Tweets that were part of an conversation_id that only occurred once were filtered out. This was done to avoid one-way conversations, and thus only take into account bidirectional tweets. However, it could be possible that tweets without the "ik" keyword were present in the conversation, but not in our dataset. This limitation is a result of our data harvesting method as some interactions are lost.

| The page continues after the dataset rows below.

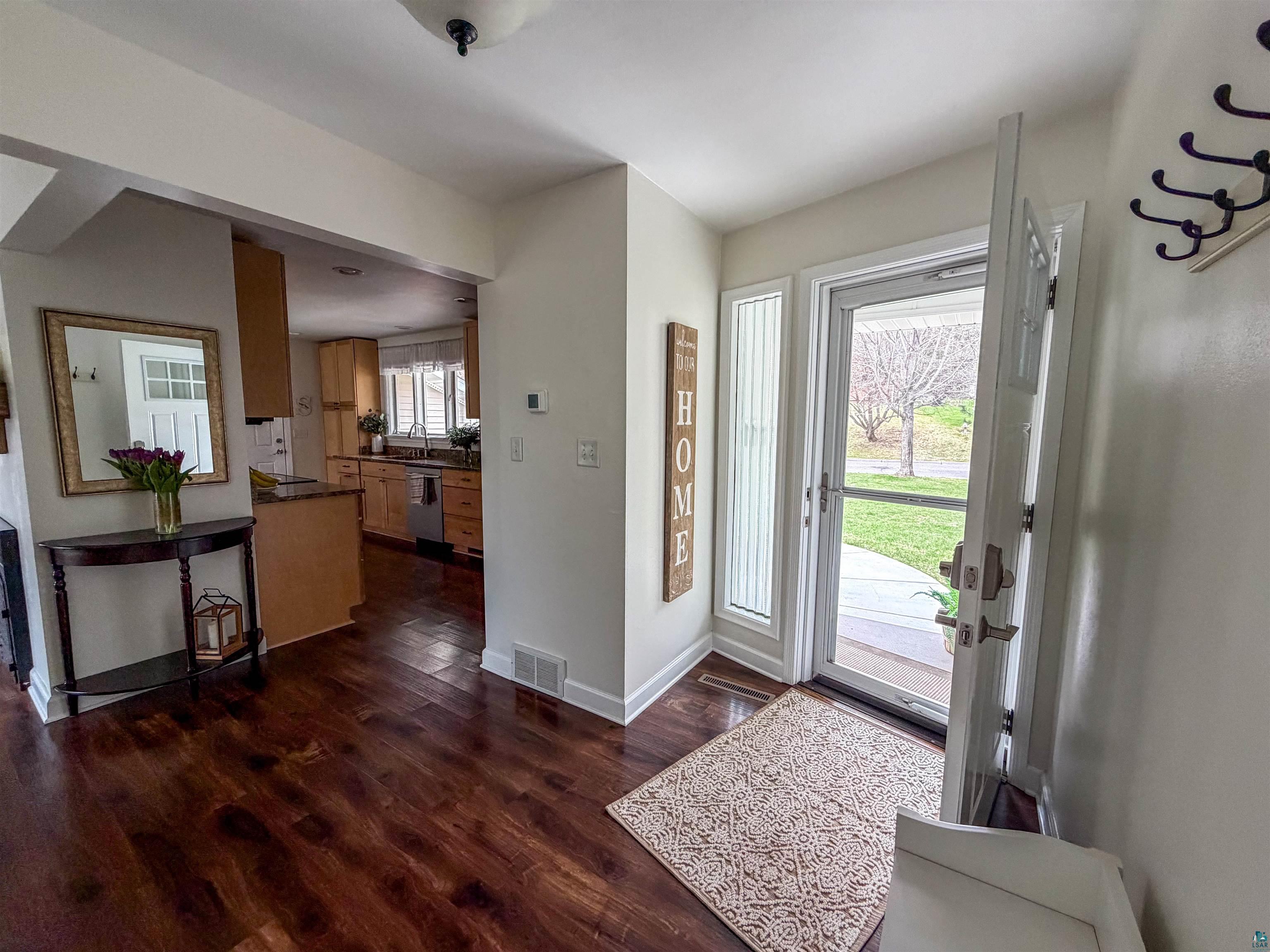 3704 Greysolon Road Duluth, MN 55804 - Photo 12 of 51 Entryway featuring dark wood-finish flooring, a white paneled front door with side light, and an overhead light fixture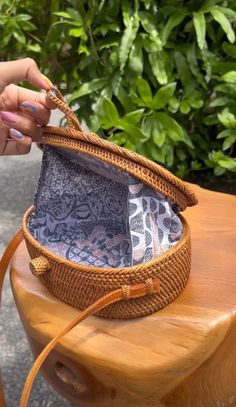 Embrace the beach vibes with our rattan oval crossbody bag. Whether you choose to wear jeans or a summer dress, this accessory will be the perfect addition to your outfit. All these natural and real rattan handbags are free shipping. The size of this rattan crossbody bag is approx 18 cms diameter. Every single one of these rattan handbag is crafted by hand. No two bags are exactly the same, so there might be slight variations in size and color between each bag. Upgrade your summer fashion game w Beach Bonfire Parties, Western Style Interior, Rattan Handbags, Bonfire Party, Beach Bonfire, Cowhide Rugs, Rattan Bag, Boho Living, Cow Hide Rug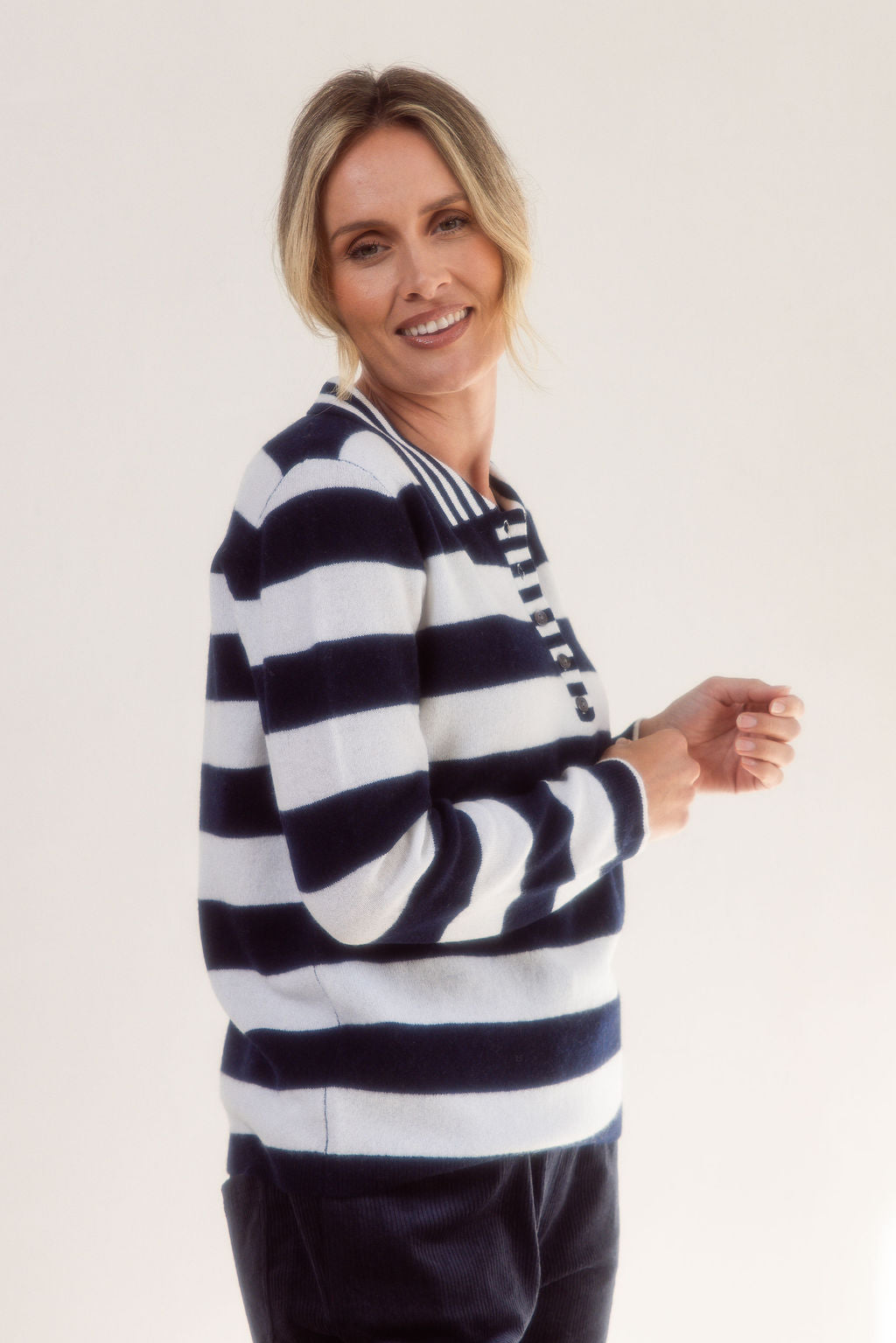 Woman wearing a merino wool See Saw black and white striped sweater on a plain background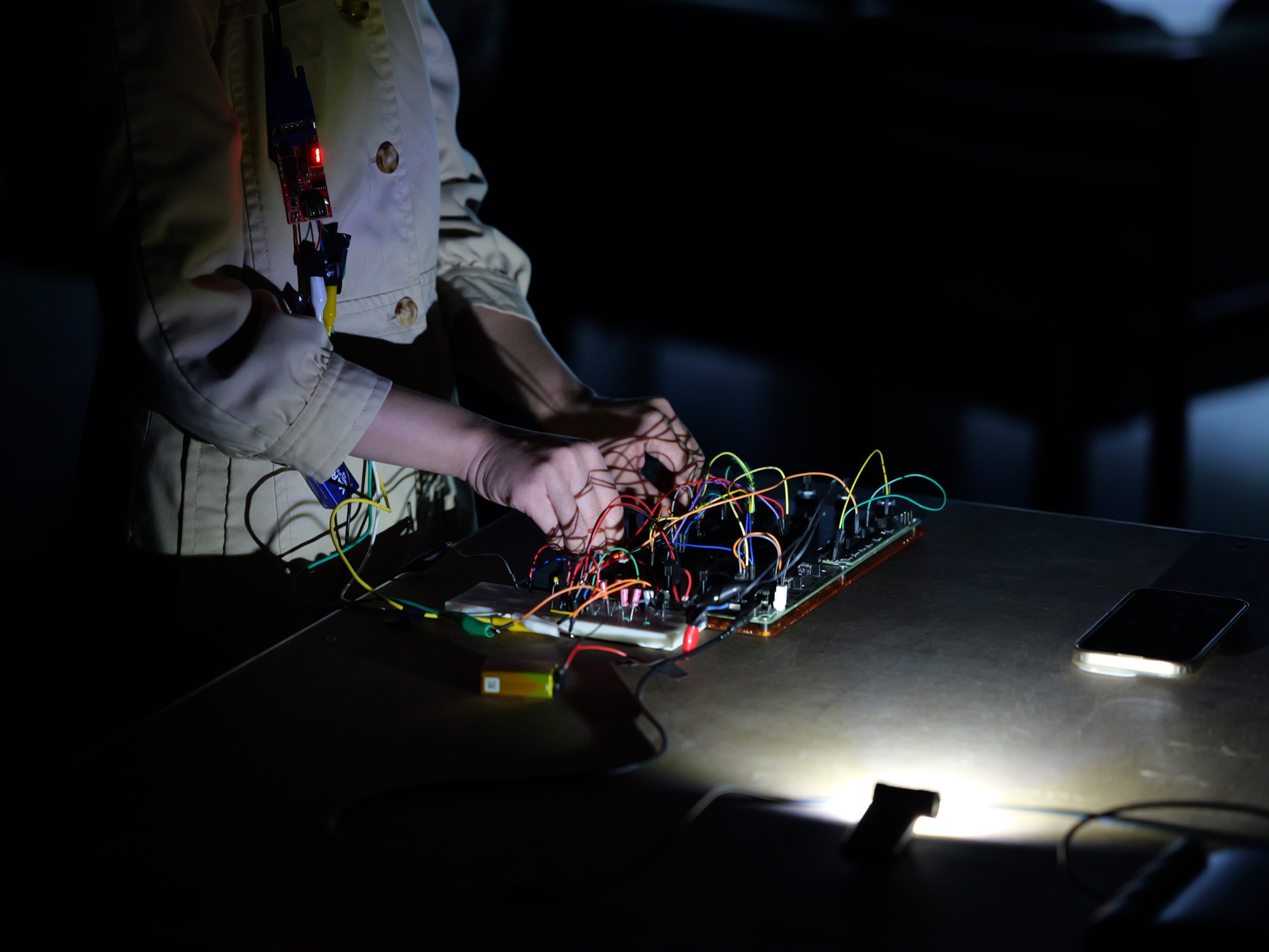 Hands manipulating an electronic circuit during Overlap at STF Düsseldorf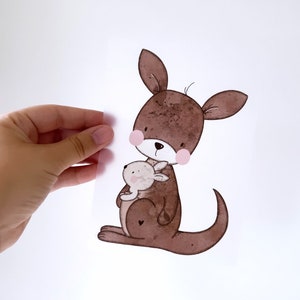 Può includere: Un'illustrazione ad acquerello di un canguro marrone che tiene un piccolo canguro joey marrone nella sua tasca. Il canguro ha le guance rosa e un piccolo cuore sul petto.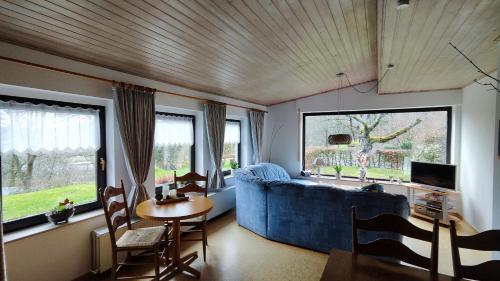 a living room with a blue couch and a table at Sauerland Alm Winterberg 5 in Hallenberg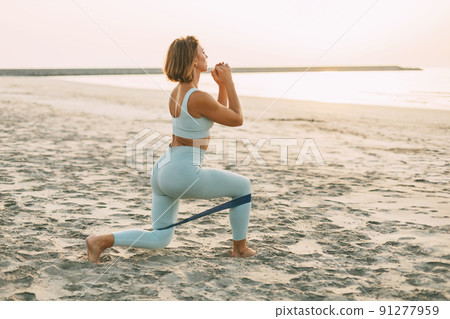 A sporty woman trains with a resistance band, makes lunges.A girl in sportswear trains on the beach A sporty woman trains with a resistance band, makes lunges.A girl in sportswear trains on the beach 91277959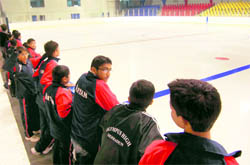 Ice-skaters from various schools watch the rink in Dehradun on Sunday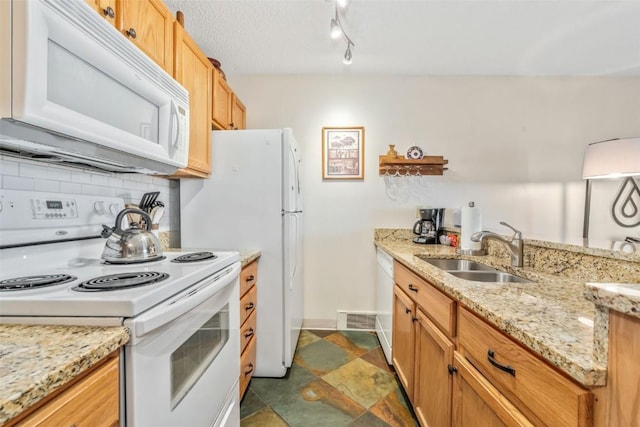 kitchen with white appliances, a sink, backsplash, baseboards, and light stone counters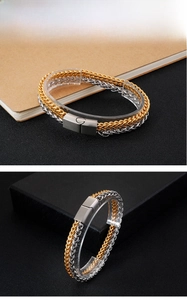Detail view of dual-tone braided stainless steel chain bracelet with matte buckle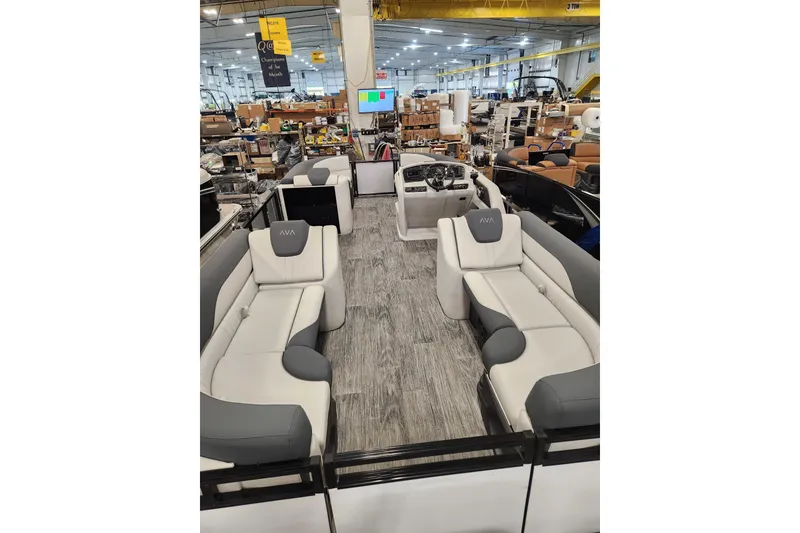 Slide: The Image of 2025 Avalon LSZ Quad Lounger interior with luxurious seating in a showroom setting. - 5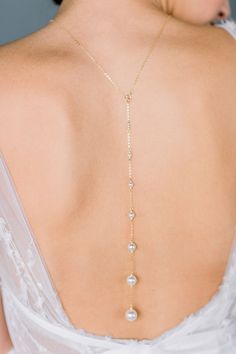 "Our back jewelry are our most popular designs and we just love the simple modern style of our DARCY back necklace. A single beautiful drop of graduated round pearls, ranging from 3mm-12mm (for the longest lengths) that connects at the back with spring ring for a beautiful V drop. The front of this beautiful necklace is a single choker style length with a beaded bar of 3 round pearls accented with seed beads. The perfect simple modern back necklace! To purchase just the necklace - visit this lis Bridal Vibes, Modern Wedding Jewelry, Embellished Veil, Gold Drop Necklace, Bead Inspiration, Back Chain, Drop Jewelry, Shoulder Necklace, Wedding Help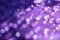 Blurred decorated violet colored backdrop with copy space. White round glowing sparkles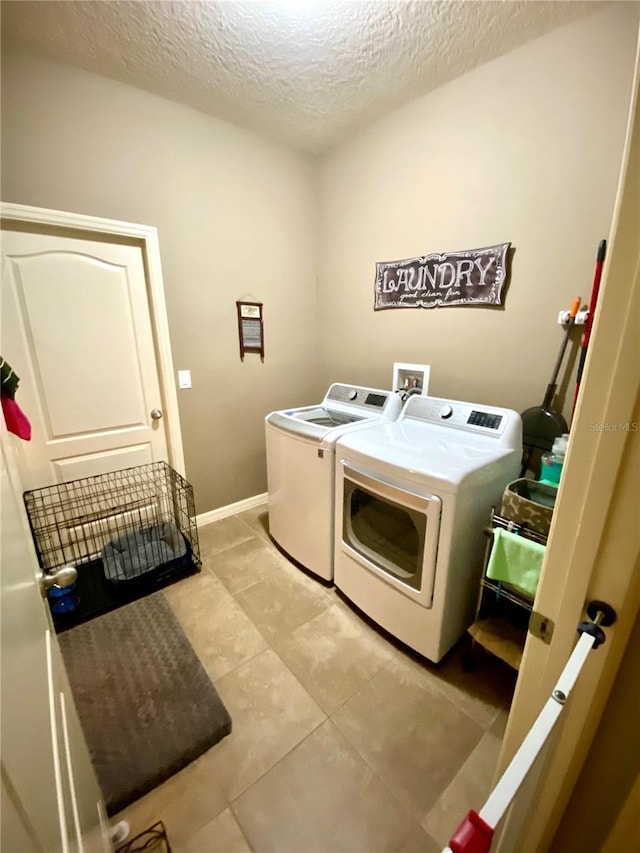 laundry area featuring washing machine and clothes dryer, light tile patterned flooring, and a textured ceiling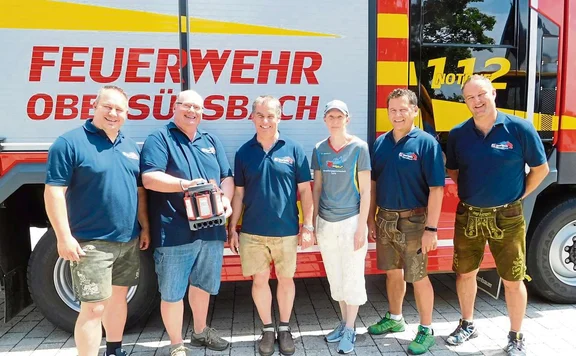 Personen vor Feuerwehrauto mit Lampe
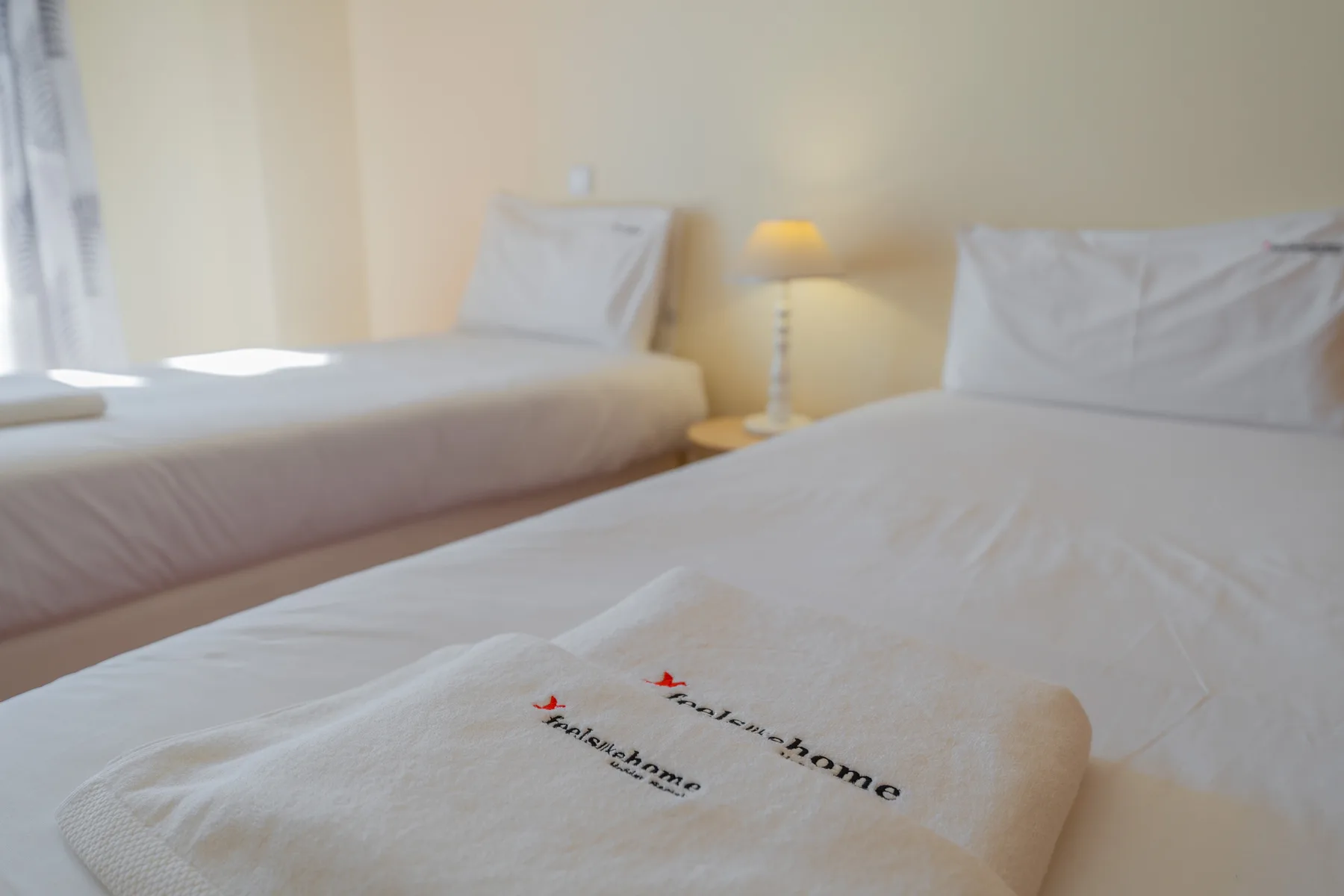 Un dormitorio con camas, toallas dobladas y una lámpara de mesita.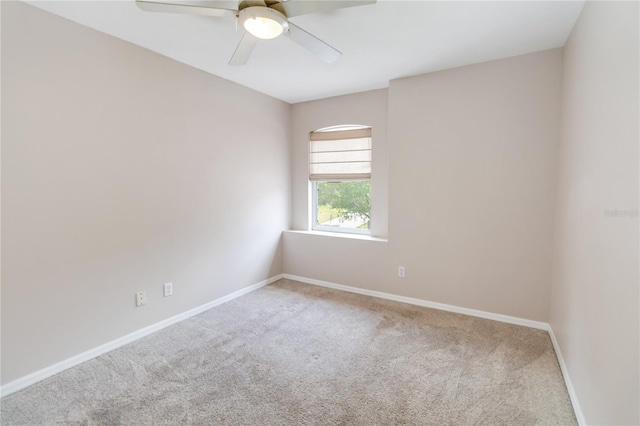 carpeted spare room featuring baseboards and ceiling fan
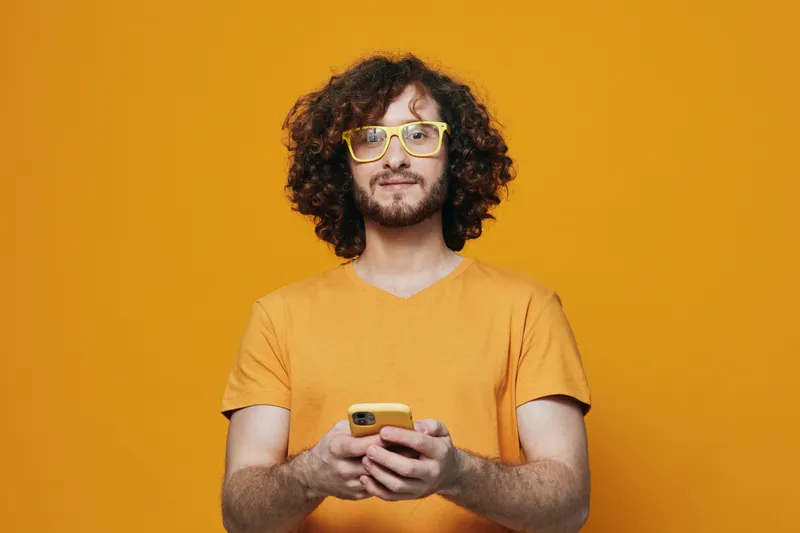 Young man with curly hair in yellow glasses holding a smartphone against a bright orange background, showcasing a cheerful and modern lifestyle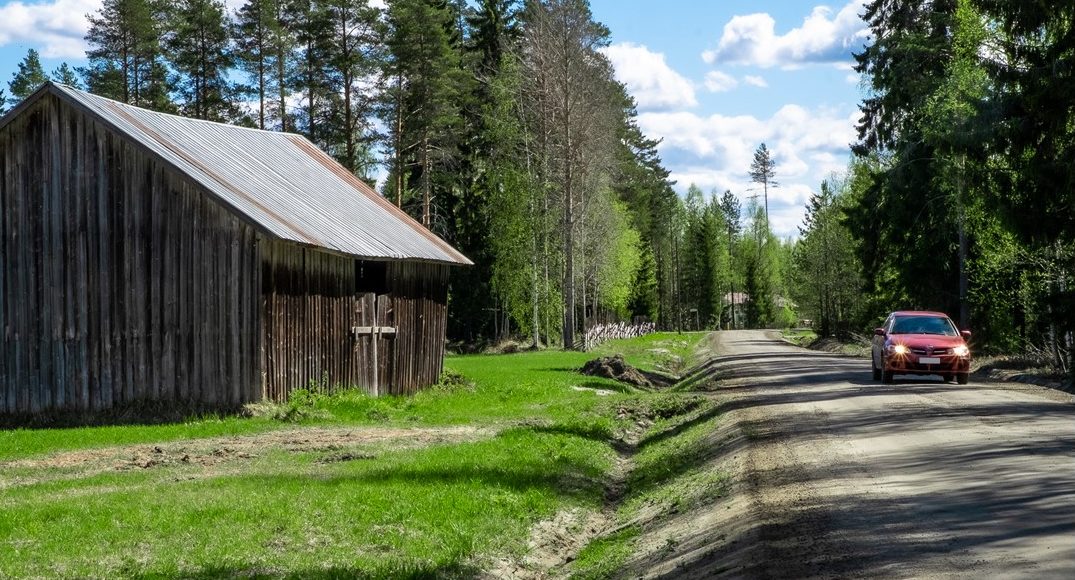 Kuvituskuva artikkeliin, jonka aiheena on maaseudun elinvoima, ilmastonmuutos ja ruokaturva. Punainen auto ajaa metsäisessä maisemassa harmaan ladon ohitse tiellä maaseudulla.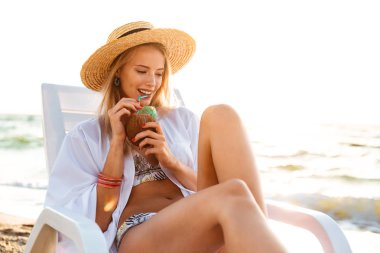 Görüntü muhteşem beyaz kadının 20s sırasında yaz sabah sahilde şezlong içinde otururken tatlı kokteyl içme hasır şapkalı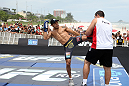 RIO DE JANEIRO, BRAZIL - JANUARY 11:  Jose Aldo works out for the media and fans during the UFC 142 Open Workouts at Barra de Tijuca Beach on January 11, 2012 in Rio de Janeiro, Brazil.  (Photo by Josh Hedges/Zuffa LLC/Zuffa LLC via Getty Images)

Our method to establish a receiver’s location comes with some limitations. Our approach was to look for the presence of the in_reply_to_user_id from the resulting dataframe and match them to the user_id in the older dataframe with all geotagged tweets. Since people can also tweet from locations other than their home (vacation location, job office, etc.), we are aware that this location may not necessarily be their residency. Of course, this is true for all location data. However, for receiver’s locations there is an extra limitation due to the assumption that the first corresponding match is the receiver’s location for all occurrences of this in_reply_to_user_id.